Sharing a husband, and wife relationship finally walks out with a reason. Yes, we had few misunderstandings, nothing that we could not have sorted out.

What kind of man would just walk out and then does not even worry if that person exists or not? I still love him even though to others he not a good person. They feel he cheated me. My family is hurt. He did this to me, and I may sound stupid, but I am not ready to move on with another man since I lived with him as my husband.

I don't know why he left me. Does he still love me? Does he even have a heart to think of what he did. He says I moved on. It's so easy for guys.


Edited/T

talaniman
Oct 6, 2011, 11:49 AM
Calm down, I know you are caught in strong emotions of hurt, but can you tell me your ages, and what you argued about, and how long since he left?

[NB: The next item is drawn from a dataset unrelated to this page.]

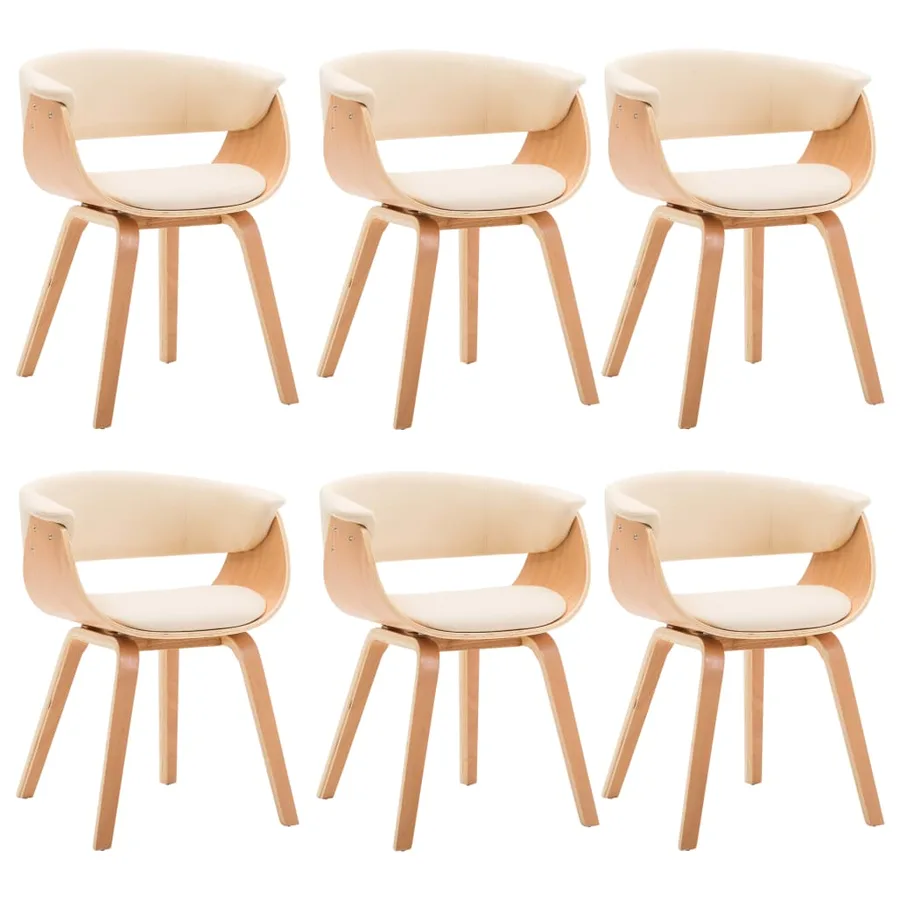 Chaises à manger lot de 6 crème bois courbé et similicuir - 2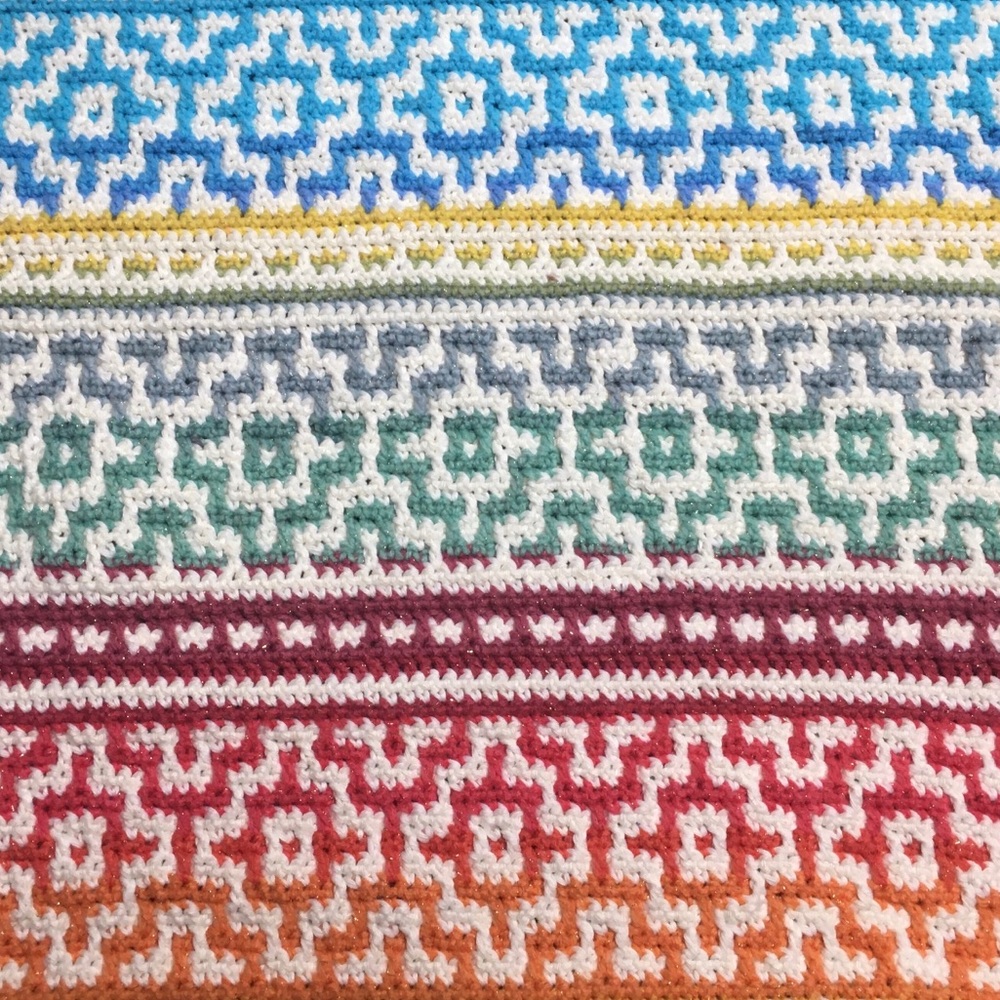 Hand-crafted Diamond Stripe Throw Blanket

Have you talked since he left?

Ann_123
Oct 6, 2011, 08:58 PM
He is 32 and I amd 34,its 3 months he left and called once and to explain to my mail with I sent him and said leave it like this for now what he meant by that I don't know. Him leaving was nothing over an argument. If we need it was about him spening time with his friends, apart form this we never fought. He was wanted to get married so was I but we had problems from both our families and did not was to go against them. So I don't know why he left. I asked if he is seeing some one else he says yes and then he says no so I don't know what is happening in his life since he stopped talking to me and friends who we both know.

talaniman
Oct 6, 2011, 09:37 PM
When someone leaves, and refuses any contact, it's a sure bet that you cut them from your life, and leave them alone also.

Sorry, not very hopeful. Take care of yourself.